The topic is organised around a number of key concerns which emanate from
textual and ethnographic data gathered between 1998 and 1999; in this way, its
findings detail a finite historical moment. Essentially it offers an analysis of the
garden in television and media culture. Then using ethnographic data, it explores
classed and gendered gardening practises as well as the relationship between media
culture and gardening. Below, I sketch out the questions I pose in relation to these
key concerns.
As a means of investigating the wider discursive regimes which play their part in
the construction of ordinary classed and gendered identities, the topic examines late
1990s images of the garden and gardening in the national and local lifestyle media.
Using lifestyle programming and garden journalism, I ask if ordinary aesthetics were
given legitimation in those representations of the garden. The topic recognises the
increased role of ordinary people as both 'experts' and lifestyle subjects. Arguing
that this trend was indicative of a wider social shift in our culture, it asks whether the
increase in ordinary subjects led to a concomitant embrace of previously marginalised
representations of class and gender.
There are profound differences between how middle and working-class people
have been socially, culturally and economically positioned in Britain since the
nineteenth century.
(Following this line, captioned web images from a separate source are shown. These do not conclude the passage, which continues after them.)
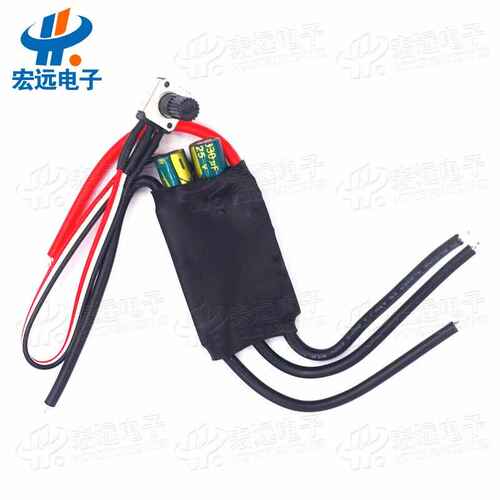 12V24V按键电位器三相无刷驱动 大功率小型无刷无霍尔电调控制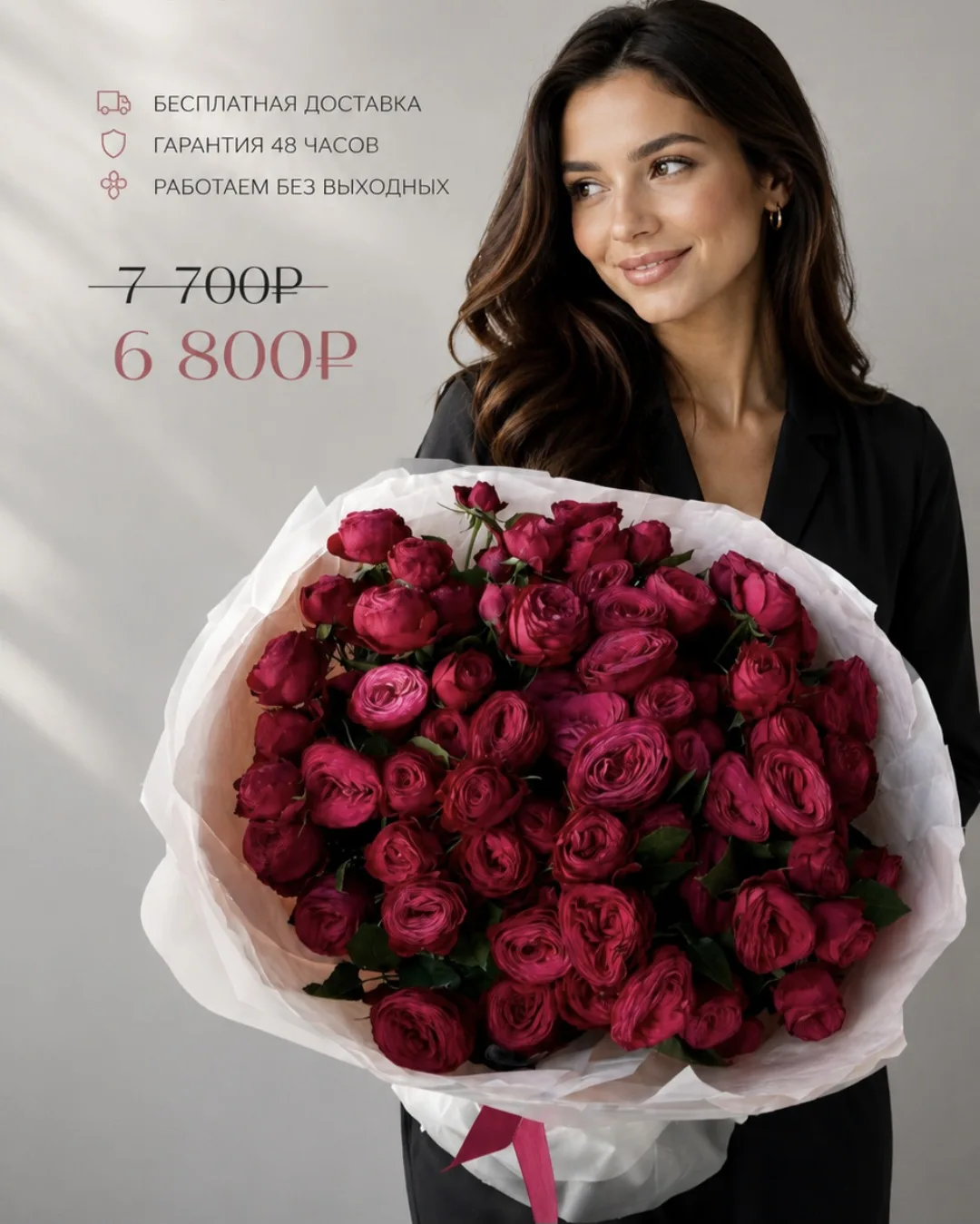 Букет из пионовидных кустовых роз 💐 в наличии  6'800₽ 🔥
✔️ бесплатная доставка
✔️ открытка с пожел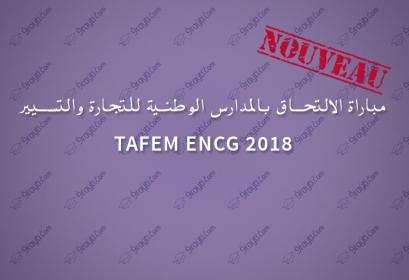 TAFEM ENCG 2018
Domestic gardening has historically been conceived as a form
of working-class regulation, while the middle-class have been positioned by urban
planning as the group with the power to survey how the working-class live. I argue
that working-class values have been systematically undermined by the institutional
imposition of middle-class cultural values. And working-class people have more
limited access to economic, social and cultural resources than members of the
middle-class. This topic shows how gardening has been used as a form of social
class control. The chapters which follow unravel by what methods cultural values
have been imposed on working-class people. Through an analysis of the varying
distribution of resource assets, I ask if their equity bestows power on their owners
and how such power is manifest in the context of the everyday practise of gardening.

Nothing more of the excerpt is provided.